EXTRACTED DATA:

◆ ◆ ◆

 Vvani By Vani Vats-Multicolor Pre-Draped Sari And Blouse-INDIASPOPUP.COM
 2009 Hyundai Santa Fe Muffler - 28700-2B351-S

◆ ◆ ◆

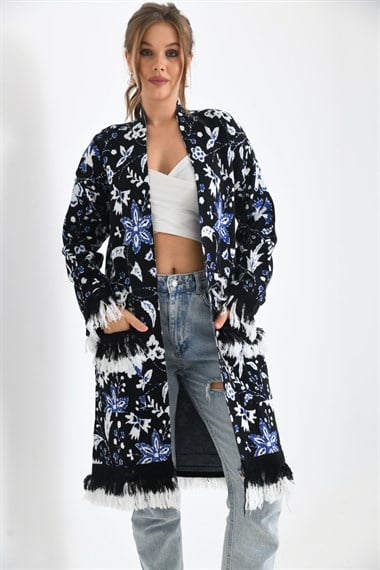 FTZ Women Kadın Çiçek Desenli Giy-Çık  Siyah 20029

◆ ◆ ◆

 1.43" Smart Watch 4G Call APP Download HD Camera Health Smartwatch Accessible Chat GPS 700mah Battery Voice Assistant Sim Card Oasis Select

◆ ◆ ◆

WORK TO COMPLETE: Extract from the listing above the lines between the line containing "Vvani By Vani" and the line containing "2009 Hyundai Santa", keeping both of those lines. Output nothing else.

RESPONSE AREA:
 Vvani By Vani Vats-Multicolor Pre-Draped Sari And Blouse-INDIASPOPUP.COM
 2009 Hyundai Santa Fe Muffler - 28700-2B351-S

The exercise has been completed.